New Orleans/Washington - Er wurde auf Kategorie zwei herabgestuft, doch die Angst vor "Gustav" bleibt groß. Die US-Katastrophenschutzbehörde Fema geht davon aus, dass "Gustav" ein "katastrophaler Sturm" sein wird. Es stünden aber genügend Nahrungsmittel, Wasser, Eis und andere Vorräte für eine Million Betroffene in den kommenden drei Tagen bereit, sagte Fema-Vizedirektor Harvey Johnson.
"Dies wird der erste wirkliche Test sein, ob wir aus Katrina gelernt haben", erklärte New Orleans' Bürgermeister Ray Nagin. Er hoffe, dass die neuen und die verstärkten alten Deiche jetzt standhalten würden. "Wir als Amerikaner müssen es diesmal richtig machen, wir können es uns nicht leisten, nochmal zu versagen", wurde Nagin von CNN zitiert.
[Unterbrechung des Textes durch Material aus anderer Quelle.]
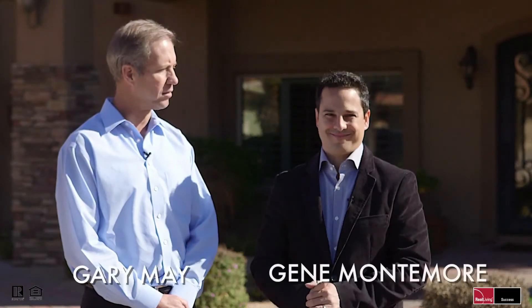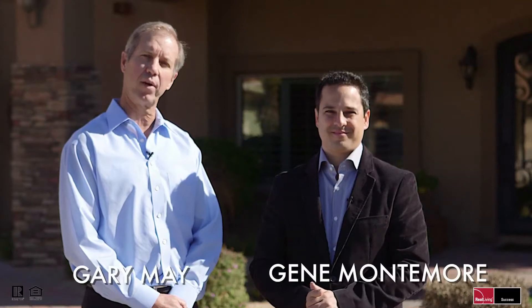Hi, I'm Gary May and this is Gene Montemore, and today we're in front of our newest listing on McCormick Ranch, 8332 East Appaloosa Trail in Scottsdale, Arizona.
Erst 2011 können die geplanten neuen Deichsysteme laut US-Heimatschutzminister Michael Chertoff die teilweise unter dem Meeresspiegel liegende Stadt wirkungsvoll schützen.
Fast zwei Millionen Menschen waren zuvor aus den besonders bedrohten Bundesstaaten an der US-Südküste geflohen.
Die Metropole New Orleans gleicht einer Geisterstadt.Weniger als 10.000 Menschen seien noch in der Stadt geblieben, sagte der Gouverneur von Louisiana, Bobby Jindal. Die meisten hatten mit dem nötigsten Gepäck per Auto, Bahn oder Flugzeug die gefährdete Region bis zum Sonntagabend verlassen. Doch einige warteten bis kurz vor Schluss: Während Bürgermeister Nagin drohte, Menschen, die sich in den nächsten Stunden auf der Straße aufhielten, ins Gefängnis zu stecken, tranken Hartgesottene noch in den Bars im berühmten French Quarter einen Cocktail oder rauchten eine Zigarette.
In den Hotels von New Orleans befanden sich Hunderte von Journalisten, ansonsten patrouillierten lediglich Einheiten von Polizei und Nationalgarde durch die ausgestorbene, gespenstisch wirkende, unwirtliche Metropole im Mississippi-Delta. Insgesamt befanden sich laut CNN noch rund 100.000 Menschen in der gefährdeten Küstenregion.
Zu den Menschen, die vor dem Eintreffen von "Gustav" nicht aus New Orleans fliehen konnten, gehört Michael Kennedy. Er arbeitet in der Küche eines Cafés in New Orleans, das immer noch geöffnet hat. Dem Fernsehsender CNN sagte er: "Viele Leute haben kein Auto, um wegzufahren. Sie haben kein Geld für Benzin. Und für so eine lange Zeit ein Hotel bezahlen? Jeder muss machen, was er denkt, aber ich bleibe hier und arbeite weiter." Sein Kollege Jeremiah O'Farrell stimmte ihm zu: "Wenn ich abhauen würde, würde ich wahrscheinlich meinen Job verlieren. Ich wüsste auch gar nicht, wo ich hin sollte."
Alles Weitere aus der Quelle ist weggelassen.